Cassidy faces two Republican challengers in the primary: Congresswoman Julia Letlow, who has Mr. Trump’s endorsement, and former Rep. John Fleming, a Trump administration alum. Unless a candidate tops 50 percent, the top two will advance to a runoff next month — setting up a potentially bruising intra-party fight.
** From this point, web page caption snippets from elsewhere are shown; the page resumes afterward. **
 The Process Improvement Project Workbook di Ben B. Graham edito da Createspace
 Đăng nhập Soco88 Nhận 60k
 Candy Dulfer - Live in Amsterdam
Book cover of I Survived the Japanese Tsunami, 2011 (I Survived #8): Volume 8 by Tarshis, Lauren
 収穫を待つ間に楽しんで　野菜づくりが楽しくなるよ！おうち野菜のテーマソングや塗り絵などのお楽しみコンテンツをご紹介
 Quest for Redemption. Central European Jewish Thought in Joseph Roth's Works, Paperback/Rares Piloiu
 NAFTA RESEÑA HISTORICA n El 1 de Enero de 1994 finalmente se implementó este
For many Louisiana Republicans, Cassidy’s vote to convict felt like a betrayal. At the Breaux Bridge Crawfish Festival, retired deputy sheriff Kevin Dupree said he wouldn’t support Cassidy and suggested that vote could end the senator’s career in the state. Nearby, Kelby Daigle, chairman of the St. Martin Parish GOP, offered a different view: he backed Cassidy and said the senator did the right thing, even if he hasn’t explained the decision as well as voters might want. “Conservatism is about ideas and principles,” Daigle said, adding that the party shouldn’t revolve around a single personality.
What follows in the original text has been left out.